We have seven identified near-term investment opportunities in various stages ranging from negotiating term sheets and letters of intent to executed term sheets and letters of intent with an aggregate size of greater than $250 million and a weighted average anticipated yield of approximately 11% (collectively, the “Identified Projects”). More specifically, we have identified three such Behind-the-Meter (“BTM”) investments with a weighted average anticipated yield range of approximately 10.50% to 11.00%, one such Grid-Connected (“GC”) investment with a anticipated yield of approximately 11.00%, and three such Fuels, Transport, and Nature (“FTN”) investments with a weighted average anticipated yield range of approximately 10.50% to 12.00%.
As of September 30, 2023, on an “as adjusted” basis as described in the following sentence, our debt-to-equity ratio on an as adjusted basis is 2.0x. We calculate this amount as the sum of $4.5 billion of Total liabilities as of September 30, 2023, less $150.6 million of Other liabilities as of September 30, 2023, less a net $85.9 million reduction in balance under our unsecured revolving credit facility made between October 1, 2023 and December 31, 2023 and less a net $19.8 million reduction in balance under our commercial paper program made between October 1, 2023 and December 31, 2023, divided by the sum of Total stockholders’ equity of $2.1 billion as of September 30, 2023 plus net proceeds of $31.8 million from at-the-market equity sales after September 30, 2023 through January 5, 2024.

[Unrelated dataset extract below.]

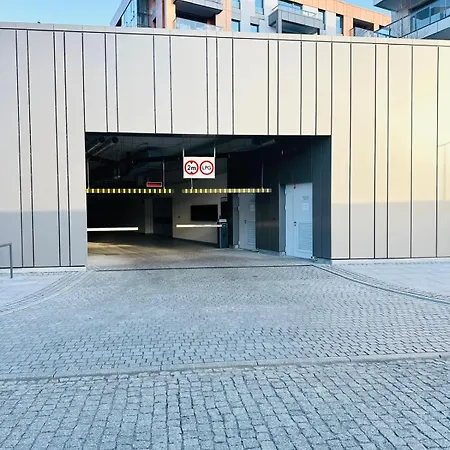 Penthouse Brabank Japandi Luxury Sauna, Fitness & Parking By Grandview * Gdańsk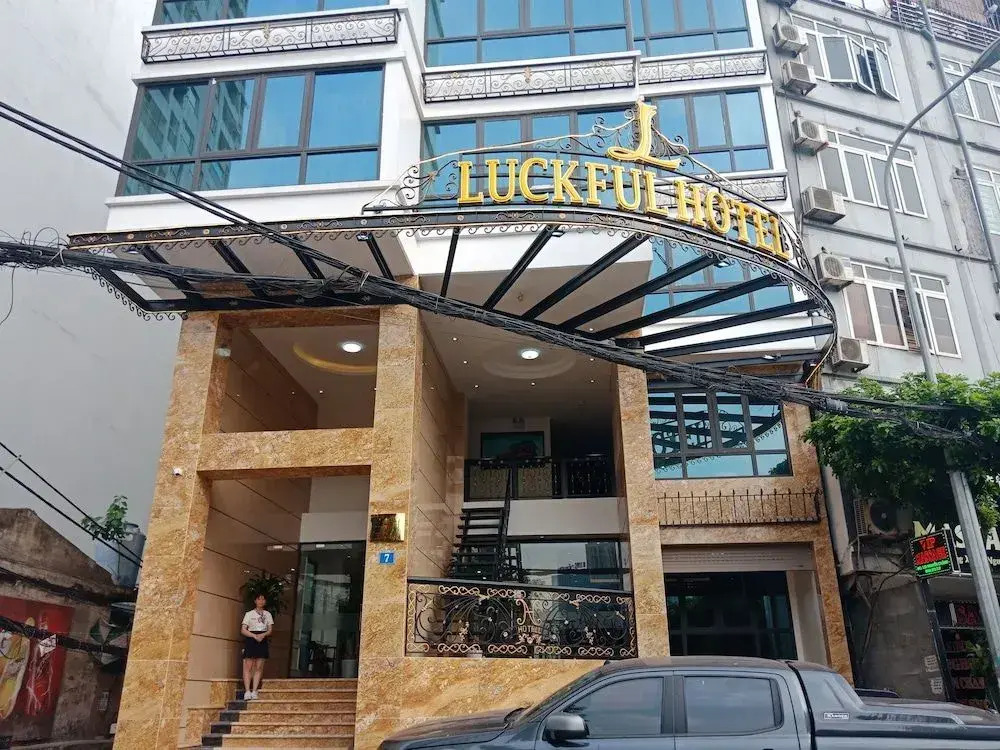 Luckful Hotel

An “anticipated yield” represents the yield that we calculate when evaluating potential investments and is the rate at which we discount the estimated cash flows of such investments. In calculating anticipated yields, we make the same assumptions as those used in our calculation of underwritten yield as described under the heading “Portfolio Yield” in our Quarterly Report on Form 10-Q for the quarter ended September 30, 2023. The anticipated yield amounts shown are based on various assumptions and estimates based on our model. Assumptions and estimates may prove to be inaccurate and actual results may prove materially different and will vary between periods based on market conditions and other factors.
With respect to these investment opportunities, an assumed cost of debt of approximately 7% to 8% and leverage of approximately 2.0x, results in an anticipated return on equity of approximately 17% to 19%. There can, however, be no assurance with regard to any specific terms of such pipeline transactions, including our ability to close on and realize yields on our identified investment opportunities, or that any or all of the transactions in our pipeline will be completed.